### Records contained in a dataset
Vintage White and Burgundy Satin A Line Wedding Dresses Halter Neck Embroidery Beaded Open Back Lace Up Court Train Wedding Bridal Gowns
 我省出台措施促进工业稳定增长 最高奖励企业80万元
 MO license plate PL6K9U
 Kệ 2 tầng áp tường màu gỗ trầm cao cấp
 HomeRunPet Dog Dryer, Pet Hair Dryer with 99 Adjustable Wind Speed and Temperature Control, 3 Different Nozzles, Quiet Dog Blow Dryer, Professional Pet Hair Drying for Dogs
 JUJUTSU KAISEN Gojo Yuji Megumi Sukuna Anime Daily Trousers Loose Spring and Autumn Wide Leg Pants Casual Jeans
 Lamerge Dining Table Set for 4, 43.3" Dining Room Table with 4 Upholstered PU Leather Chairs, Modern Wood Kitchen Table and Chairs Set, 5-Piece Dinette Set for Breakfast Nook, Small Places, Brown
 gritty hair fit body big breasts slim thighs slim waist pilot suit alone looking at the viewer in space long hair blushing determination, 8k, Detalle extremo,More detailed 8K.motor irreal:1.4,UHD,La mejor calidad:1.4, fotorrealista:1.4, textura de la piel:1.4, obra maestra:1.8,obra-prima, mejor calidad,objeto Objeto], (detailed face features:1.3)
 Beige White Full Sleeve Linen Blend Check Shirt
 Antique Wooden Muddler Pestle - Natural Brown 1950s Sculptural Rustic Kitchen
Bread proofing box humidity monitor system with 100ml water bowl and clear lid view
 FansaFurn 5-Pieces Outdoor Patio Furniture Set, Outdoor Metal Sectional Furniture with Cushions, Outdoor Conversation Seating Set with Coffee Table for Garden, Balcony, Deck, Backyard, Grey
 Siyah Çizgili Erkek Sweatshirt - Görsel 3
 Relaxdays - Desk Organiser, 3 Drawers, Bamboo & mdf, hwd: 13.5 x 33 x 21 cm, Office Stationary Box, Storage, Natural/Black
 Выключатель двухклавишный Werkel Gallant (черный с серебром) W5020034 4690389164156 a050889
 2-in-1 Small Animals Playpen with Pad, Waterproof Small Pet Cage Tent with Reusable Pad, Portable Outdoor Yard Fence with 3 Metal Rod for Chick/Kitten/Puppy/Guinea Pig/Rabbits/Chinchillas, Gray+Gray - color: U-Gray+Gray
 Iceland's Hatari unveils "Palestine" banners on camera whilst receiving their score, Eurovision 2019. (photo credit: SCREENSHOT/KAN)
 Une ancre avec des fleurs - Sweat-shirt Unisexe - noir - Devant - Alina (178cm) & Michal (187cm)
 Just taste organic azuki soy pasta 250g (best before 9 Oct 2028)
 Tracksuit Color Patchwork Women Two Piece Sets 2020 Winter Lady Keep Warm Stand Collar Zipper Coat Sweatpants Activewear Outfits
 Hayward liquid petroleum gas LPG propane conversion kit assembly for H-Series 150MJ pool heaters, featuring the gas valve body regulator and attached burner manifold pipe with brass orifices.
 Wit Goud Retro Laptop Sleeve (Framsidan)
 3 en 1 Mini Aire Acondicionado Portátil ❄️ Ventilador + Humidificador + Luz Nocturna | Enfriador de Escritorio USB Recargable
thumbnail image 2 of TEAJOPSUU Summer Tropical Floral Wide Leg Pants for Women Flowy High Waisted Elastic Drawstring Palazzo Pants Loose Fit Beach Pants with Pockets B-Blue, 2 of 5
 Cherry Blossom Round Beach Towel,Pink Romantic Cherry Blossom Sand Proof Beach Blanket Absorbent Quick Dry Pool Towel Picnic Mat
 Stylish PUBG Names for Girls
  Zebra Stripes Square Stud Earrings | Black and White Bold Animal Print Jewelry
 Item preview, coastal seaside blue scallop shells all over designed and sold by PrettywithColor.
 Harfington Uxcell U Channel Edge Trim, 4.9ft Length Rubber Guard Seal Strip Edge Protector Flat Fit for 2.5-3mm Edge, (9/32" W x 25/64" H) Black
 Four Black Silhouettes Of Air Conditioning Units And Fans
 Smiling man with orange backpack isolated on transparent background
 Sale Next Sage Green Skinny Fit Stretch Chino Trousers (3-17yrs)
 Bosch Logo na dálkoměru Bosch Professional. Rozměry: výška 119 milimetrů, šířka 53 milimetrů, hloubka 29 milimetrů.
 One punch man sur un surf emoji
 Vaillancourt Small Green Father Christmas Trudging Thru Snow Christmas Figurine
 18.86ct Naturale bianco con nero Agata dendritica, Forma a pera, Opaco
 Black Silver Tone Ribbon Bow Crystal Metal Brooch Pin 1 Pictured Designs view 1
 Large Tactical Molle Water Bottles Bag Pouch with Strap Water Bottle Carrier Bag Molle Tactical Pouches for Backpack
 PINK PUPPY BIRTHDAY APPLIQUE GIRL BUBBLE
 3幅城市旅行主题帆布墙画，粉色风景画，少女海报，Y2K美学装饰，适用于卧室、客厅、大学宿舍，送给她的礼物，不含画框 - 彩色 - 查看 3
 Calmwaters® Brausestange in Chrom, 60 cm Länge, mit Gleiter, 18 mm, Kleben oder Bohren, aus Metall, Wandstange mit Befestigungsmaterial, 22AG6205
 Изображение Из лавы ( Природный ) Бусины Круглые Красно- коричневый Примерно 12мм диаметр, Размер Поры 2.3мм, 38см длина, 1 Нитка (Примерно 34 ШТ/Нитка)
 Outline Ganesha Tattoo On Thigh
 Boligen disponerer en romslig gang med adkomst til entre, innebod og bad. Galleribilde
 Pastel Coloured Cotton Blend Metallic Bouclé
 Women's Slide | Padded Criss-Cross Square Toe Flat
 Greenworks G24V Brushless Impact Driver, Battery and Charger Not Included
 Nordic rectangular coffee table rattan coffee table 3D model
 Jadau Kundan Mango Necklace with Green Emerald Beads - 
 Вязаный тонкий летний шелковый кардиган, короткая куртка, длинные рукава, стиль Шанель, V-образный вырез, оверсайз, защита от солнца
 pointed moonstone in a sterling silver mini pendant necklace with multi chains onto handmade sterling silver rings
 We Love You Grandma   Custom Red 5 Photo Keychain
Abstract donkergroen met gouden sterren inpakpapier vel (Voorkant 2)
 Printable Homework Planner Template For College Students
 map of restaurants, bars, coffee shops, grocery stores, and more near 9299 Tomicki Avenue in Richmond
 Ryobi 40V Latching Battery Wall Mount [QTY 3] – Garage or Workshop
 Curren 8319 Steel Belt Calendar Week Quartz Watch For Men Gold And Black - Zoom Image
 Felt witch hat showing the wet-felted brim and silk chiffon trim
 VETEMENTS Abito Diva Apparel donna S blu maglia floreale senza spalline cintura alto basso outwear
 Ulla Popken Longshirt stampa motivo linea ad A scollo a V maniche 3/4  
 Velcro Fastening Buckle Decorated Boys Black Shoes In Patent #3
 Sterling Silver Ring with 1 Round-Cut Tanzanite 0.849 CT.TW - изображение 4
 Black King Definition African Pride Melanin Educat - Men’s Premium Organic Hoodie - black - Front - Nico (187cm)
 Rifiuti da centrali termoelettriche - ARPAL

### Work item
A word-for-word restatement of the data above is required.

### Task output
Vintage White and Burgundy Satin A Line Wedding Dresses Halter Neck Embroidery Beaded Open Back Lace Up Court Train Wedding Bridal Gowns
 我省出台措施促进工业稳定增长 最高奖励企业80万元
 MO license plate PL6K9U
 Kệ 2 tầng áp tường màu gỗ trầm cao cấp
 HomeRunPet Dog Dryer, Pet Hair Dryer with 99 Adjustable Wind Speed and Temperature Control, 3 Different Nozzles, Quiet Dog Blow Dryer, Professional Pet Hair Drying for Dogs
 JUJUTSU KAISEN Gojo Yuji Megumi Sukuna Anime Daily Trousers Loose Spring and Autumn Wide Leg Pants Casual Jeans
 Lamerge Dining Table Set for 4, 43.3" Dining Room Table with 4 Upholstered PU Leather Chairs, Modern Wood Kitchen Table and Chairs Set, 5-Piece Dinette Set for Breakfast Nook, Small Places, Brown
 gritty hair fit body big breasts slim thighs slim waist pilot suit alone looking at the viewer in space long hair blushing determination, 8k, Detalle extremo,More detailed 8K.motor irreal:1.4,UHD,La mejor calidad:1.4, fotorrealista:1.4, textura de la piel:1.4, obra maestra:1.8,obra-prima, mejor calidad,objeto Objeto], (detailed face features:1.3)
 Beige White Full Sleeve Linen Blend Check Shirt
 Antique Wooden Muddler Pestle - Natural Brown 1950s Sculptural Rustic Kitchen
Bread proofing box humidity monitor system with 100ml water bowl and clear lid view
 FansaFurn 5-Pieces Outdoor Patio Furniture Set, Outdoor Metal Sectional Furniture with Cushions, Outdoor Conversation Seating Set with Coffee Table for Garden, Balcony, Deck, Backyard, Grey
 Siyah Çizgili Erkek Sweatshirt - Görsel 3
 Relaxdays - Desk Organiser, 3 Drawers, Bamboo & mdf, hwd: 13.5 x 33 x 21 cm, Office Stationary Box, Storage, Natural/Black
 Выключатель двухклавишный Werkel Gallant (черный с серебром) W5020034 4690389164156 a050889
 2-in-1 Small Animals Playpen with Pad, Waterproof Small Pet Cage Tent with Reusable Pad, Portable Outdoor Yard Fence with 3 Metal Rod for Chick/Kitten/Puppy/Guinea Pig/Rabbits/Chinchillas, Gray+Gray - color: U-Gray+Gray
 Iceland's Hatari unveils "Palestine" banners on camera whilst receiving their score, Eurovision 2019. (photo credit: SCREENSHOT/KAN)
 Une ancre avec des fleurs - Sweat-shirt Unisexe - noir - Devant - Alina (178cm) & Michal (187cm)
 Just taste organic azuki soy pasta 250g (best before 9 Oct 2028)
 Tracksuit Color Patchwork Women Two Piece Sets 2020 Winter Lady Keep Warm Stand Collar Zipper Coat Sweatpants Activewear Outfits
 Hayward liquid petroleum gas LPG propane conversion kit assembly for H-Series 150MJ pool heaters, featuring the gas valve body regulator and attached burner manifold pipe with brass orifices.
 Wit Goud Retro Laptop Sleeve (Framsidan)
 3 en 1 Mini Aire Acondicionado Portátil ❄️ Ventilador + Humidificador + Luz Nocturna | Enfriador de Escritorio USB Recargable
thumbnail image 2 of TEAJOPSUU Summer Tropical Floral Wide Leg Pants for Women Flowy High Waisted Elastic Drawstring Palazzo Pants Loose Fit Beach Pants with Pockets B-Blue, 2 of 5
 Cherry Blossom Round Beach Towel,Pink Romantic Cherry Blossom Sand Proof Beach Blanket Absorbent Quick Dry Pool Towel Picnic Mat
 Stylish PUBG Names for Girls
  Zebra Stripes Square Stud Earrings | Black and White Bold Animal Print Jewelry
 Item preview, coastal seaside blue scallop shells all over designed and sold by PrettywithColor.
 Harfington Uxcell U Channel Edge Trim, 4.9ft Length Rubber Guard Seal Strip Edge Protector Flat Fit for 2.5-3mm Edge, (9/32" W x 25/64" H) Black
 Four Black Silhouettes Of Air Conditioning Units And Fans
 Smiling man with orange backpack isolated on transparent background
 Sale Next Sage Green Skinny Fit Stretch Chino Trousers (3-17yrs)
 Bosch Logo na dálkoměru Bosch Professional. Rozměry: výška 119 milimetrů, šířka 53 milimetrů, hloubka 29 milimetrů.
 One punch man sur un surf emoji
 Vaillancourt Small Green Father Christmas Trudging Thru Snow Christmas Figurine
 18.86ct Naturale bianco con nero Agata dendritica, Forma a pera, Opaco
 Black Silver Tone Ribbon Bow Crystal Metal Brooch Pin 1 Pictured Designs view 1
 Large Tactical Molle Water Bottles Bag Pouch with Strap Water Bottle Carrier Bag Molle Tactical Pouches for Backpack
 PINK PUPPY BIRTHDAY APPLIQUE GIRL BUBBLE
 3幅城市旅行主题帆布墙画，粉色风景画，少女海报，Y2K美学装饰，适用于卧室、客厅、大学宿舍，送给她的礼物，不含画框 - 彩色 - 查看 3
 Calmwaters® Brausestange in Chrom, 60 cm Länge, mit Gleiter, 18 mm, Kleben oder Bohren, aus Metall, Wandstange mit Befestigungsmaterial, 22AG6205
 Изображение Из лавы ( Природный ) Бусины Круглые Красно- коричневый Примерно 12мм диаметр, Размер Поры 2.3мм, 38см длина, 1 Нитка (Примерно 34 ШТ/Нитка)
 Outline Ganesha Tattoo On Thigh
 Boligen disponerer en romslig gang med adkomst til entre, innebod og bad. Galleribilde
 Pastel Coloured Cotton Blend Metallic Bouclé
 Women's Slide | Padded Criss-Cross Square Toe Flat
 Greenworks G24V Brushless Impact Driver, Battery and Charger Not Included
 Nordic rectangular coffee table rattan coffee table 3D model
 Jadau Kundan Mango Necklace with Green Emerald Beads - 
 Вязаный тонкий летний шелковый кардиган, короткая куртка, длинные рукава, стиль Шанель, V-образный вырез, оверсайз, защита от солнца
 pointed moonstone in a sterling silver mini pendant necklace with multi chains onto handmade sterling silver rings
 We Love You Grandma   Custom Red 5 Photo Keychain
Abstract donkergroen met gouden sterren inpakpapier vel (Voorkant 2)
 Printable Homework Planner Template For College Students
 map of restaurants, bars, coffee shops, grocery stores, and more near 9299 Tomicki Avenue in Richmond
 Ryobi 40V Latching Battery Wall Mount [QTY 3] – Garage or Workshop
 Curren 8319 Steel Belt Calendar Week Quartz Watch For Men Gold And Black - Zoom Image
 Felt witch hat showing the wet-felted brim and silk chiffon trim
 VETEMENTS Abito Diva Apparel donna S blu maglia floreale senza spalline cintura alto basso outwear
 Ulla Popken Longshirt stampa motivo linea ad A scollo a V maniche 3/4  
 Velcro Fastening Buckle Decorated Boys Black Shoes In Patent #3
 Sterling Silver Ring with 1 Round-Cut Tanzanite 0.849 CT.TW - изображение 4
 Black King Definition African Pride Melanin Educat - Men’s Premium Organic Hoodie - black - Front - Nico (187cm)
 Rifiuti da centrali termoelettriche - ARPAL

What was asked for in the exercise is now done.